=== Provided entries ===
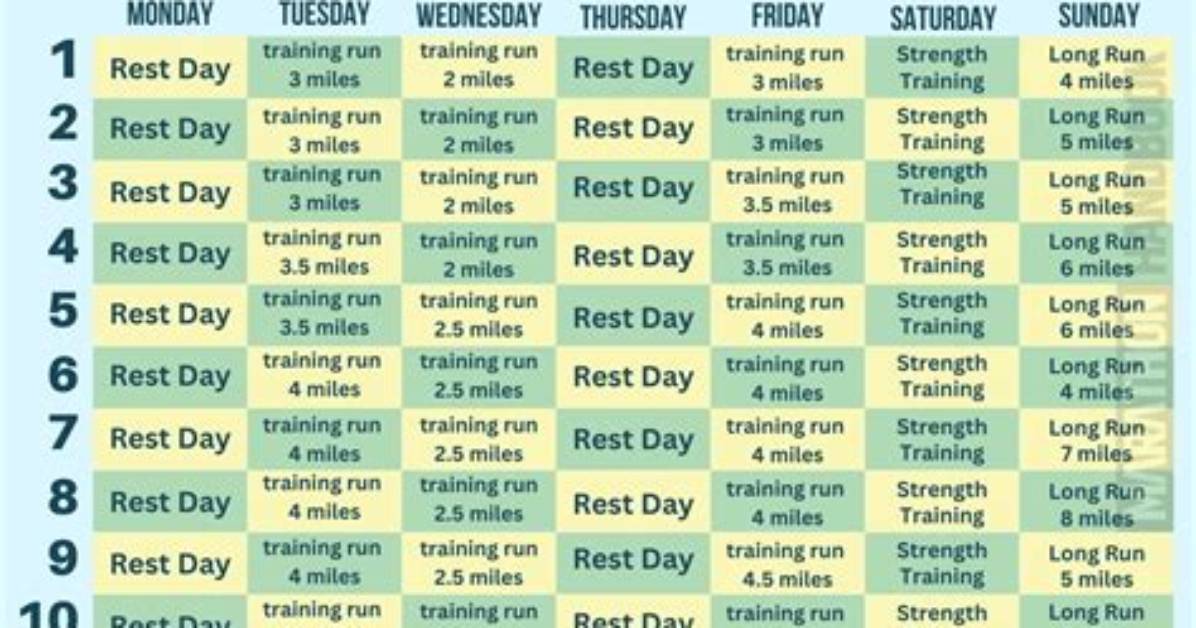 Half Marathon Training Plan | Run with Myprotein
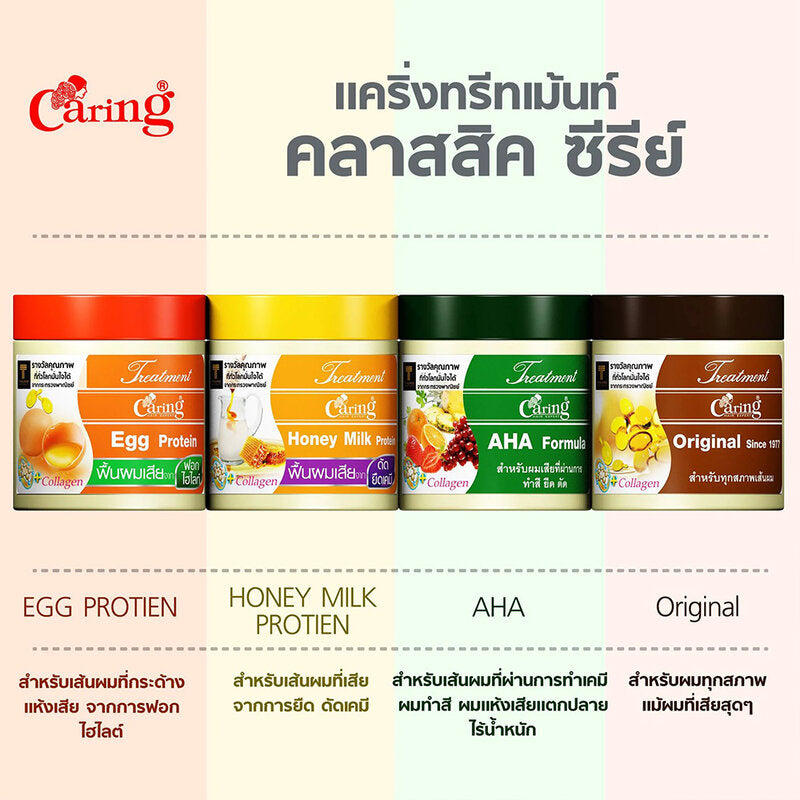 Caring Treatment Honey Milk Protein 250ml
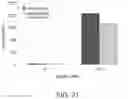 Fig. 24 - Bi-specific fusion proteins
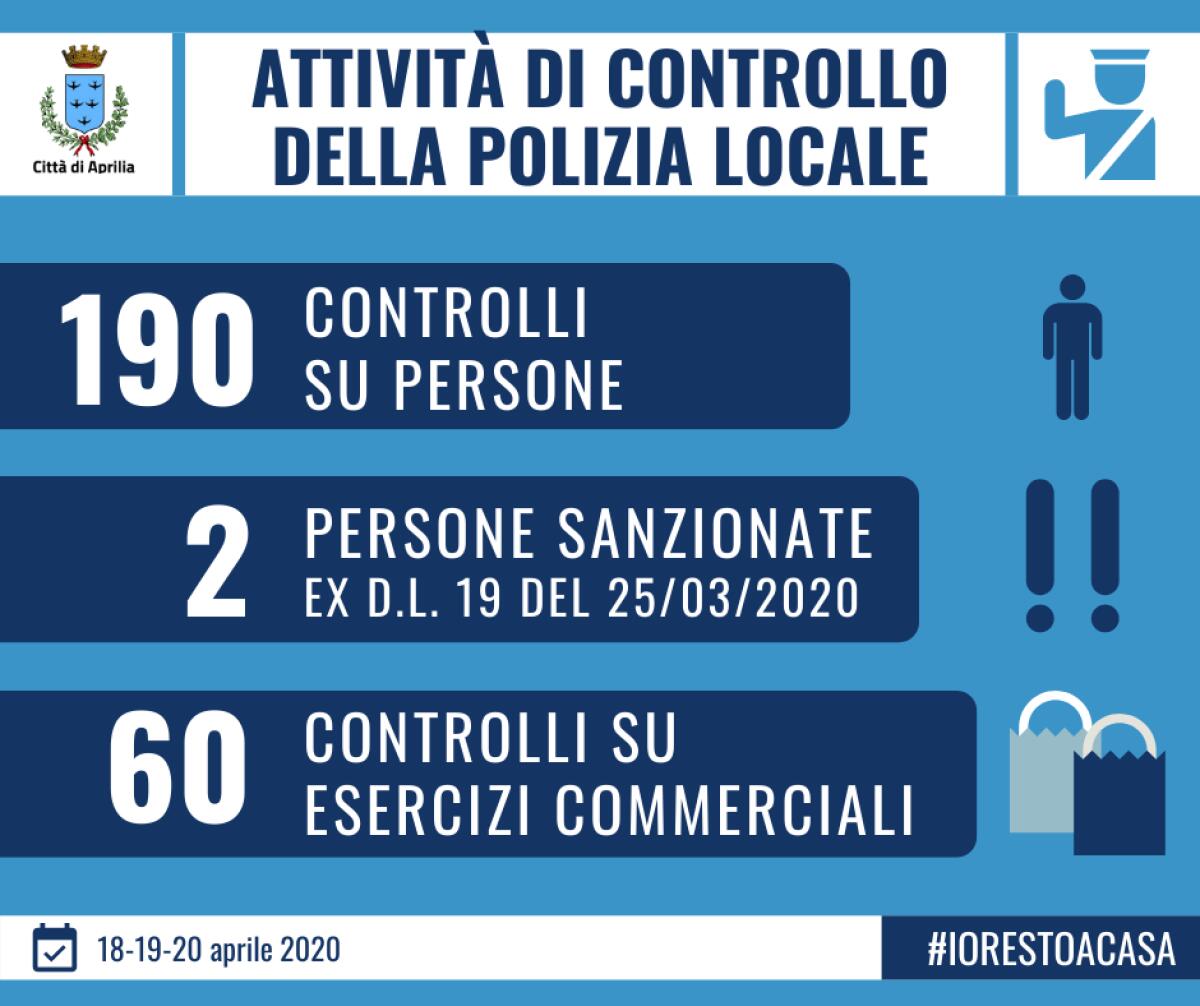 Contrasto al Coronavirus, 190 i nuovi controlli effettuati dalla Polizia Locale di Aprilia: 2 le persone sanzionate. - 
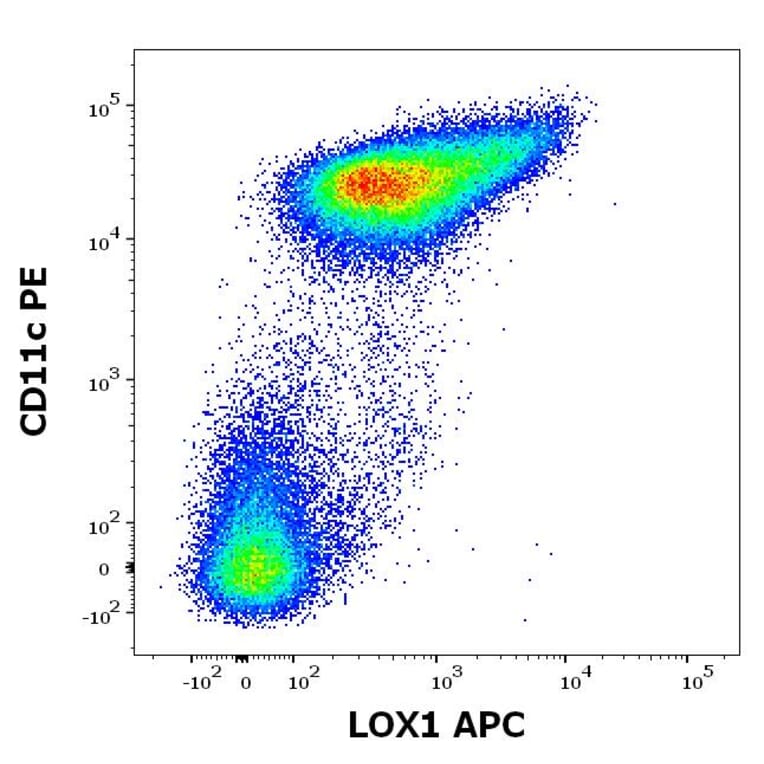 Flow Cytometry - Anti-LOX1 Antibody [15C4] (APC) (A320773)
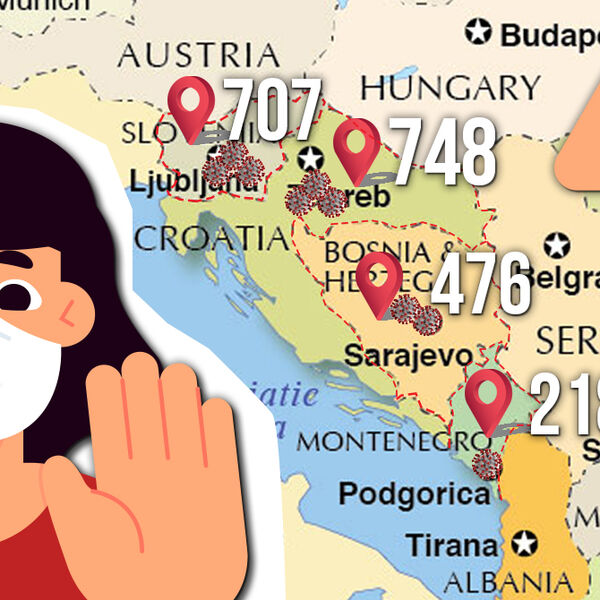 SRBIJA U OBRUČU KORONE! Kako je VIRUS buknuo u KOMŠILUKU i brojke prešle 700 obolelih dnevno! Čeka li i nas PAKAO?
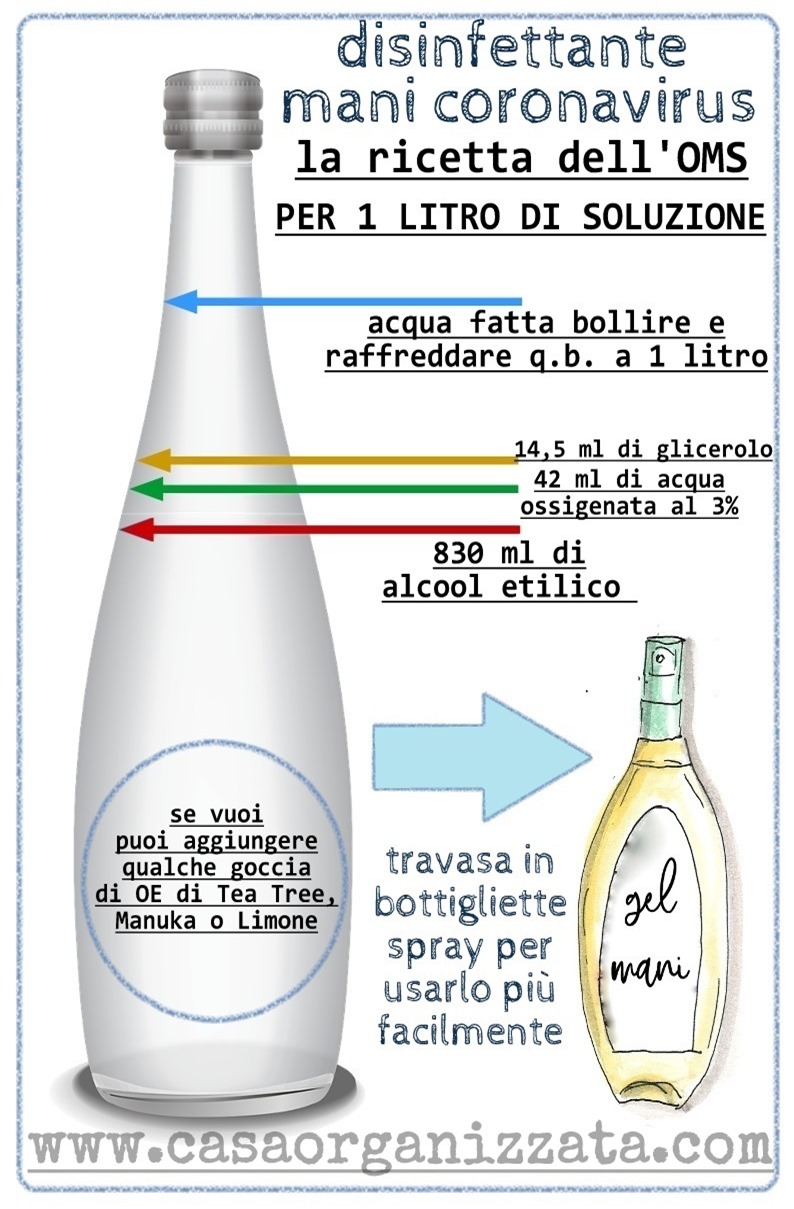 gel igienizzante mani ricetta OMS per Coronavirus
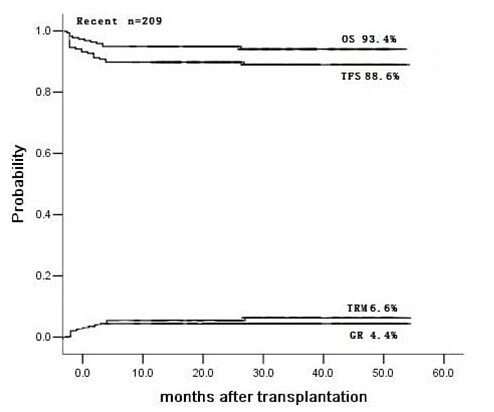 Figure 1A. OS, TFS, GR and TRM in (A) the total 422 patients, (B) the recent cohort, and (C) the earlier cohort. Abbreviations: GR, graft rejection; OS, overall survival; TFS, thalassemia major-free survival; TRM, transplant-related mortality.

=== Problem ===
The expected output is the exact run of lines from the one containing "Flow Cytometry - Anti-LOX1" through the final line of the data above, both ends included, with no pictures.

=== Task answer ===
 Flow Cytometry - Anti-LOX1 Antibody [15C4] (APC) (A320773)
 SRBIJA U OBRUČU KORONE! Kako je VIRUS buknuo u KOMŠILUKU i brojke prešle 700 obolelih dnevno! Čeka li i nas PAKAO?
 gel igienizzante mani ricetta OMS per Coronavirus
 Figure 1A. OS, TFS, GR and TRM in (A) the total 422 patients, (B) the recent cohort, and (C) the earlier cohort. Abbreviations: GR, graft rejection; OS, overall survival; TFS, thalassemia major-free survival; TRM, transplant-related mortality.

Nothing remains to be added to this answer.